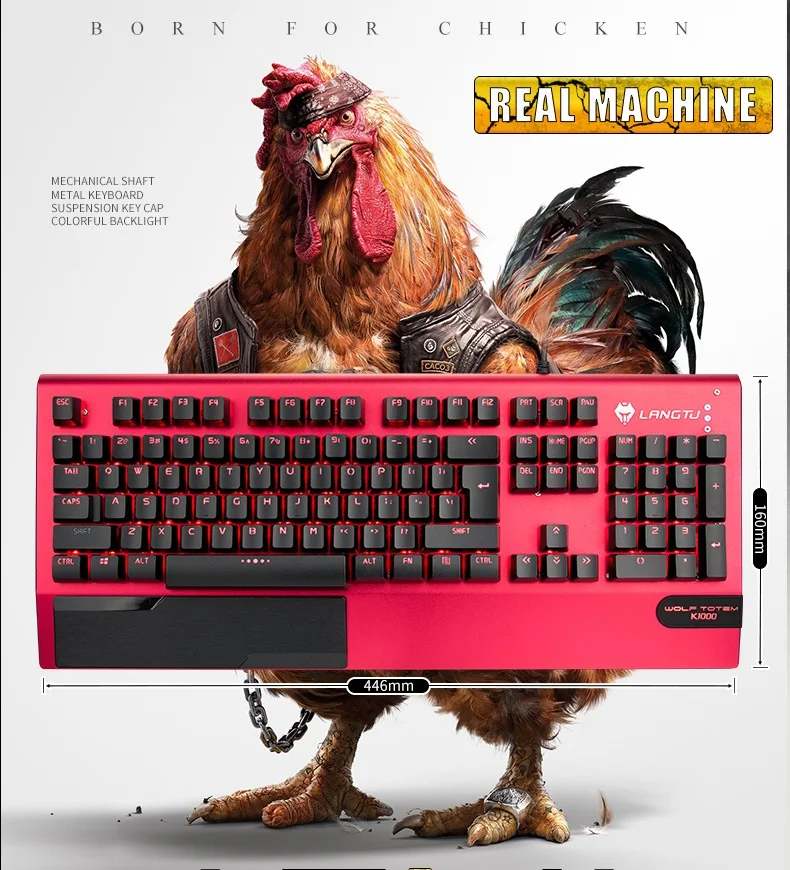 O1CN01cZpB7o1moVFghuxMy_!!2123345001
...
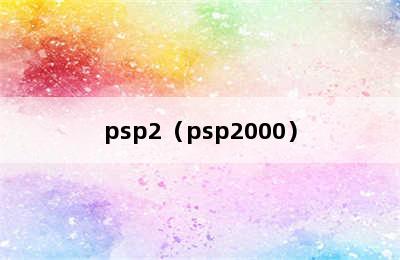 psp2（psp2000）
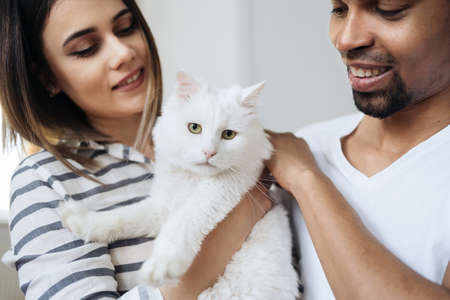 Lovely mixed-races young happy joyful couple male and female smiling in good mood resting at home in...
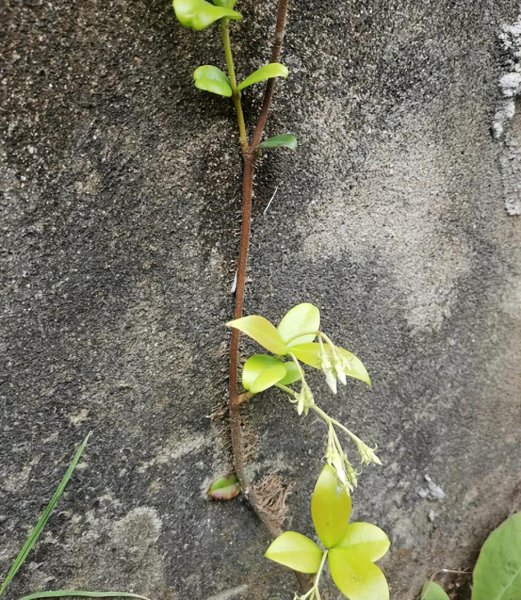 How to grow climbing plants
---
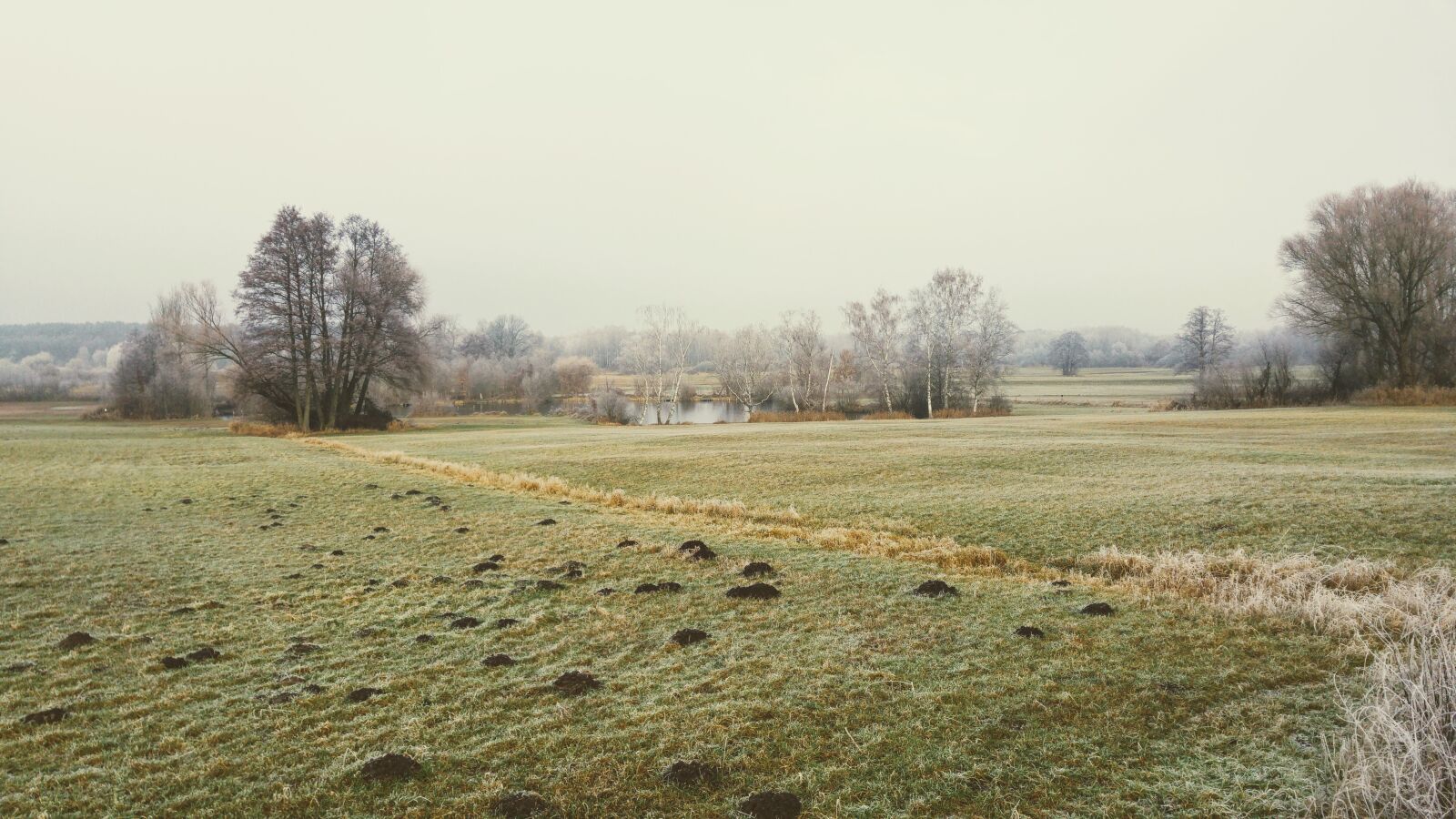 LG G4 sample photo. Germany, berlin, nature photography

## Your assignment
Transcribe, word for word, the lines of the listing above from the one that contains "Lovely mixed-races young" through the one that contains "How to grow climbing plants", keeping both ends and dropping the pictures.

## Solution
 Lovely mixed-races young happy joyful couple male and female smiling in good mood resting at home in...
 How to grow climbing plants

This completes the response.